I did, however, know quite a bit about Joaquin Pheonix and Reese Witherspoon, which I feared would take me out of the movie. Sure, I'd heard they gave great performances, but c'mon…it's clearly Pheonix and Witherspoon standing right there…right? Pheonix in particular is an actor I would've never imagined to play a popular American singer; when I think of him I think straight to his period-piece roles in Gladiator and Quills. Witherspoon mostly just makes me think of a once-promising career drowning in too many uninteresting movies.
Well, Walk the Line renews my faith in her and reinvents my image of him. As for Witherspoon, she honestly disappears in the role. I kept actually trying to take myself out of the movie to see Witherspoon, the actress, playing June Carter. But she completely sold me in the role -- once again a reminder that she's a wonderful young actress when she wants to be. As for Pheonix, all traces of the quiet, twitchy, brooding, consistently vexed young character I usually see him as give way to the loud and charismatic vision of Johnny Cash.
In terms of the story, it's engaging and well done. One of the most interesting things I found was that Cash didn't really get to be famous through any means but conventional hard work. He played in a band with two guys, they auditioned to make a record, impressed Sam Phillips of Sun Records (Dallas Roberts in an uncommonly well-done role for such a minor character), got a record, and then very slowly gained fame and fortune.
Throughout much of this Cash is stuck with his first wife, Vivian Cash. The woman who plays her, Ginnifer Goodwin, has the utterly thankless role of the always-complaining, always-suspicious, always-annoying woman in the way of Cash's ultimate destiny of marriage to June Carter. Robert Patrick well plays Cash's father, laboring a decades-long grudge that "God took the wrong son" -- when Cash was a boy, his brother was killed in a sawing accident.

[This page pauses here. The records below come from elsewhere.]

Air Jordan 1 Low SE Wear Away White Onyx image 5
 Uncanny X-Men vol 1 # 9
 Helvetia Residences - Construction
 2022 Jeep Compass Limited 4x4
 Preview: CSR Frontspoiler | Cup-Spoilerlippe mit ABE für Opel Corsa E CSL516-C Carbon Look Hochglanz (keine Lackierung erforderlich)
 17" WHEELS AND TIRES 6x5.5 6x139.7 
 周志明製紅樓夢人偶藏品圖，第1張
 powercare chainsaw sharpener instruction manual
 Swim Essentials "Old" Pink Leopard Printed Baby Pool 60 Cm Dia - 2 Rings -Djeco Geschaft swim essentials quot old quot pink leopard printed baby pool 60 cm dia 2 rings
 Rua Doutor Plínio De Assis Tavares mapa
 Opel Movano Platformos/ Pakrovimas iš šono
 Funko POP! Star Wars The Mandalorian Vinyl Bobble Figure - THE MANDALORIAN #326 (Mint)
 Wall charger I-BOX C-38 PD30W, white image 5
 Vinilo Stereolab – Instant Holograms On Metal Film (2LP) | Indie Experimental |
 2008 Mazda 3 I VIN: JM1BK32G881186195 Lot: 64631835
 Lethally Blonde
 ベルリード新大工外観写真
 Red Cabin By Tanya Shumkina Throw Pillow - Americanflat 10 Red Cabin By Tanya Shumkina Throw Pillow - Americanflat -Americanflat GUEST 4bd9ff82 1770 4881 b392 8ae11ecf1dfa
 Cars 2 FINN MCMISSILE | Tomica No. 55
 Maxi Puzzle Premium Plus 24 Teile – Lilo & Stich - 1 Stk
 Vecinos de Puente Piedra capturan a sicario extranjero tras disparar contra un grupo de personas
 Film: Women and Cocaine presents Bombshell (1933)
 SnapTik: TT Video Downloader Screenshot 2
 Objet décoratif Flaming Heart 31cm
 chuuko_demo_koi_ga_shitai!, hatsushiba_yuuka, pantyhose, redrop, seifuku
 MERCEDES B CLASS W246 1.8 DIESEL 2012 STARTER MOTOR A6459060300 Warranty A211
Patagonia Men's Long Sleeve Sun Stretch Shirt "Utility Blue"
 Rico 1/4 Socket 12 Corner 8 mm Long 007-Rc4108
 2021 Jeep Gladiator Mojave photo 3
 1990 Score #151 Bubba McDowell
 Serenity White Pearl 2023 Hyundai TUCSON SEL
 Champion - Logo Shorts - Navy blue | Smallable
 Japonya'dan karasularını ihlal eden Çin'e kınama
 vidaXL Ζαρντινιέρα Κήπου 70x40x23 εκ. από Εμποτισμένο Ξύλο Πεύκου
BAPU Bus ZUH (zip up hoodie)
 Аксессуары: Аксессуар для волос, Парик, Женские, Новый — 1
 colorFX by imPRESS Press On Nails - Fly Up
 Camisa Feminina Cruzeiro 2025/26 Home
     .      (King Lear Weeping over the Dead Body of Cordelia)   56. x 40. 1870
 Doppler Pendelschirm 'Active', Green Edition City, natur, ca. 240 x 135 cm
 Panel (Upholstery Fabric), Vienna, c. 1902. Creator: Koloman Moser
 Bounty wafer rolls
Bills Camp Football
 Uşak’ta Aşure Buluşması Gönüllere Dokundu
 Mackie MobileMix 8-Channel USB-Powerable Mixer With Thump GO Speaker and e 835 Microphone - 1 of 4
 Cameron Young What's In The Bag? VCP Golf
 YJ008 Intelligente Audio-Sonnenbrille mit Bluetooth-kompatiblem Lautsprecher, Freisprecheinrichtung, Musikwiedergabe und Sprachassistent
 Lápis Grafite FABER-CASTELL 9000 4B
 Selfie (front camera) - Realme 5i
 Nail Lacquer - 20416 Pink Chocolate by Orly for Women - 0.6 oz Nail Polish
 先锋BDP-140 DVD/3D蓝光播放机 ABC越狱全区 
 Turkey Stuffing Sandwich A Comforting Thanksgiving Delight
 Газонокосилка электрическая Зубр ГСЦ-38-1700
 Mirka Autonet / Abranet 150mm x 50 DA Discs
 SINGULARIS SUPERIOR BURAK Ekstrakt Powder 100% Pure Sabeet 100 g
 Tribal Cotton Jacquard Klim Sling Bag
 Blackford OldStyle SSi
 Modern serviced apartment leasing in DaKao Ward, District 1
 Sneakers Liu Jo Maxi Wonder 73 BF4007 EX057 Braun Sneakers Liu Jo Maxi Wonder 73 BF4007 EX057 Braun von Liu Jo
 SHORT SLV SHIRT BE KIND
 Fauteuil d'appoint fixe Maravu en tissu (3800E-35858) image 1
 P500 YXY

The most important things about the movie, though, is that Pheonix and Witherspoon both pull off the singing beautifully. I don't know much about the guitar, but Pheonix seemed to handle it well. But he captures Cash's voice perfectly -- "steady like a train, sharp like a razor" -- and Witherspoon does just as well. No matter how dramatic the story is, and no matter how well it works, which it does, the best parts of the film by far are on stage with Johnny and June. It's the type of movie that makes you want to download all of Cash's hits from the internet once you leave the theater.